** Task details **
The lines from the one containing "ZMH LED Deckenlampe" through the last one in the data: please copy those exactly, and only those, without the pictures.

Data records
━━━━━━━━━━━━━━━━

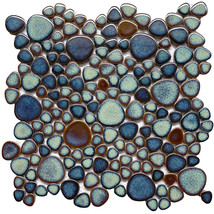 Glazed Pebble Porcelain Tile Aqua Brown Heart-Shaped Mosaic Wall and Flo... - £19.17 GBP+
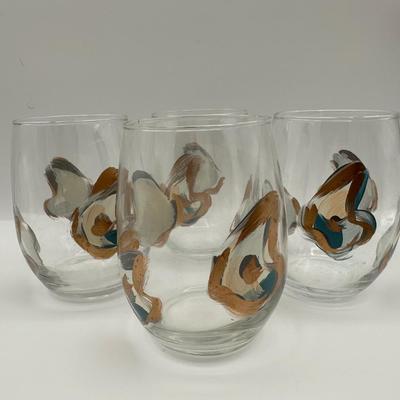 Hand-painted Oyster Libbey Wine Glasses - Set of 4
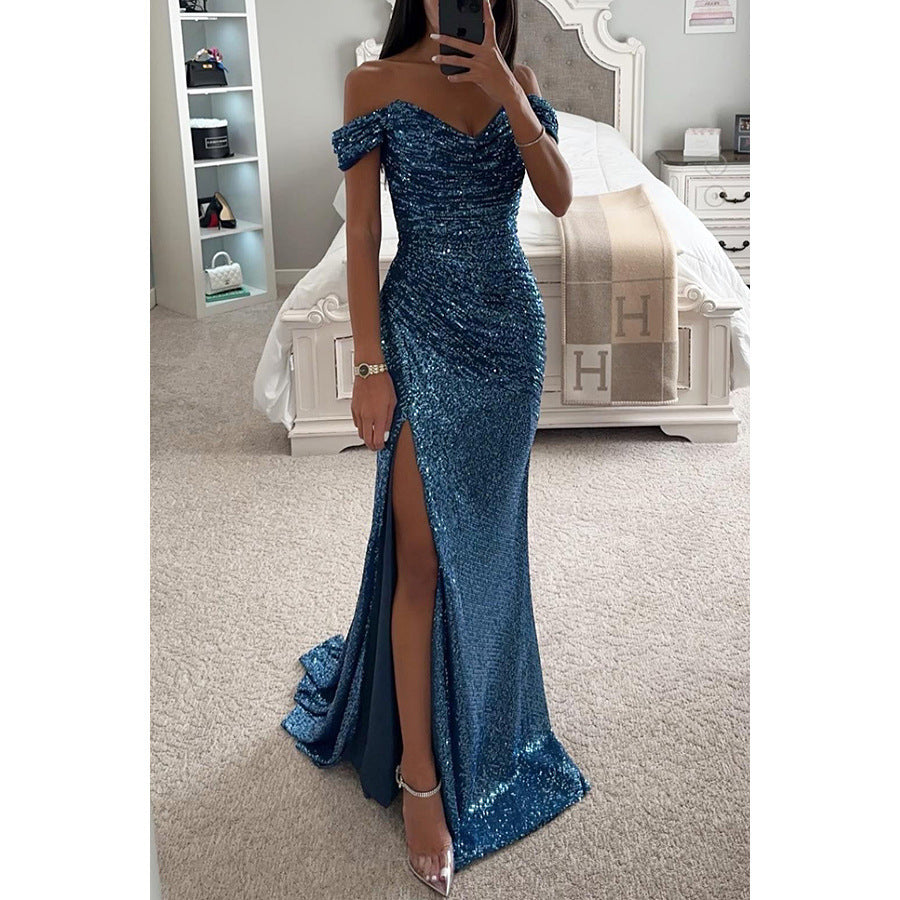 Women’s Off-Shoulder Sequin Gown with High Slit for Formal Evenings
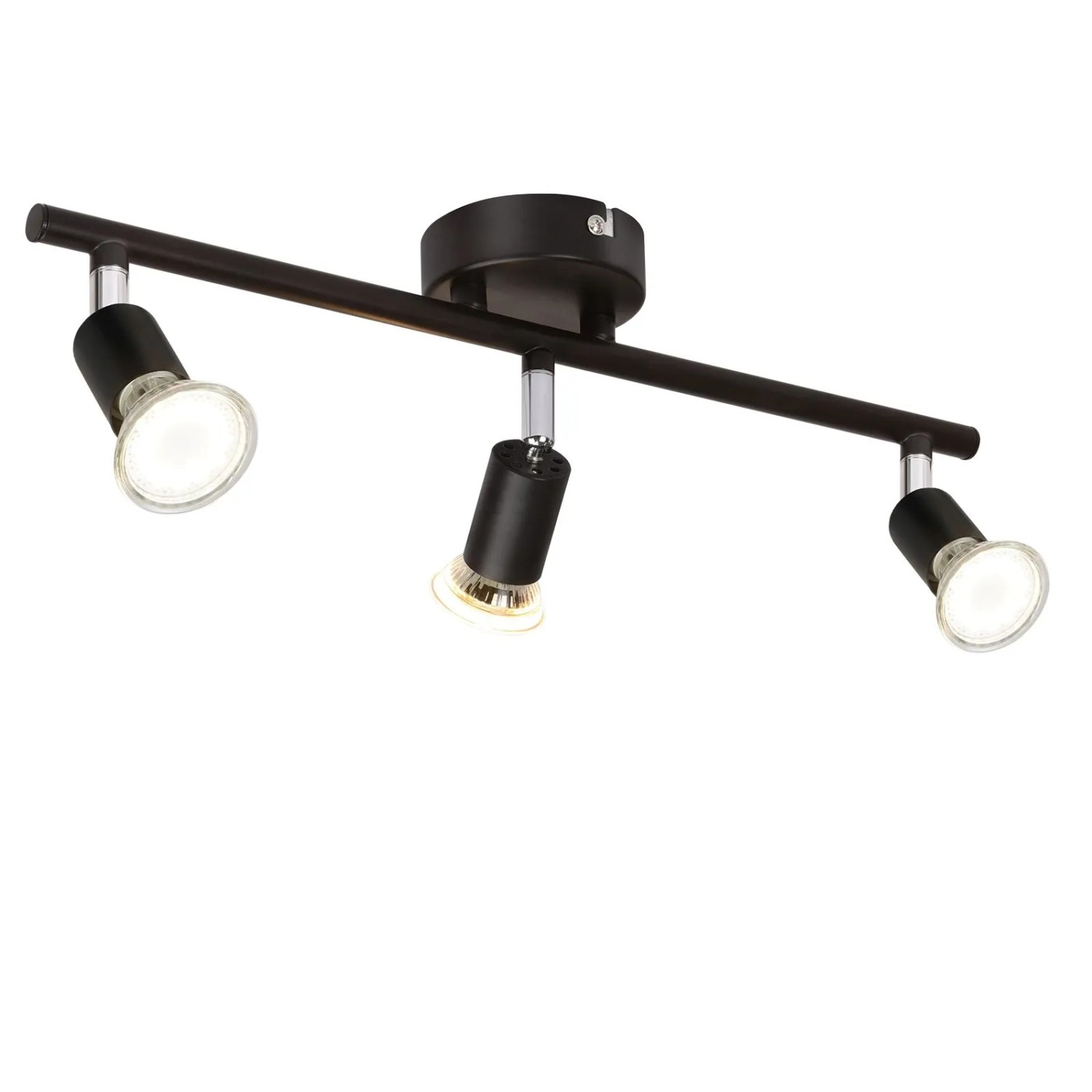 ZMH LED Deckenlampe 3 GU10 Deckenspots Schwarz Schwenkbar 330 Grad ohne Leuchtmittel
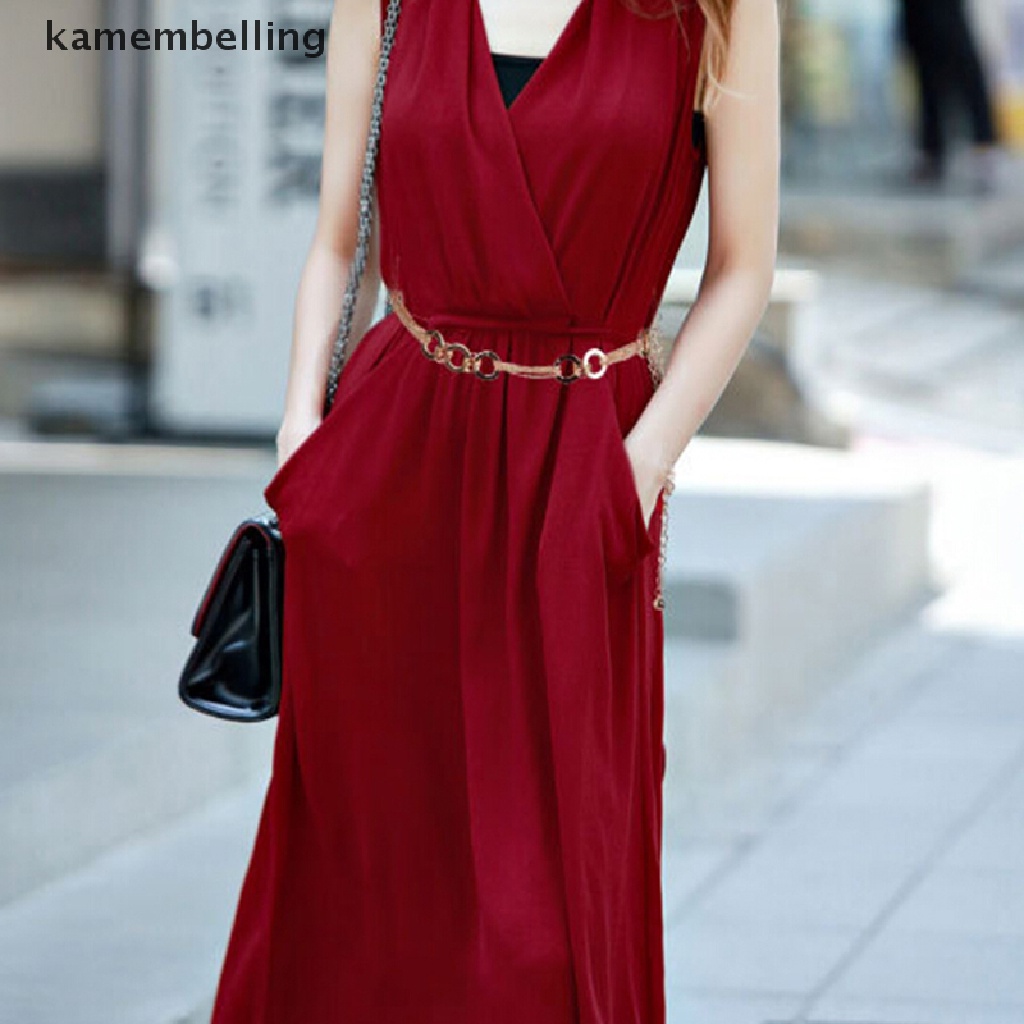 Thắt Lưng Dây Xích Kim Loại Đính Đá Pha Lê Cho Nữ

━━━━━━━━━━━━━━━━

** Answer area **
 ZMH LED Deckenlampe 3 GU10 Deckenspots Schwarz Schwenkbar 330 Grad ohne Leuchtmittel
 Thắt Lưng Dây Xích Kim Loại Đính Đá Pha Lê Cho Nữ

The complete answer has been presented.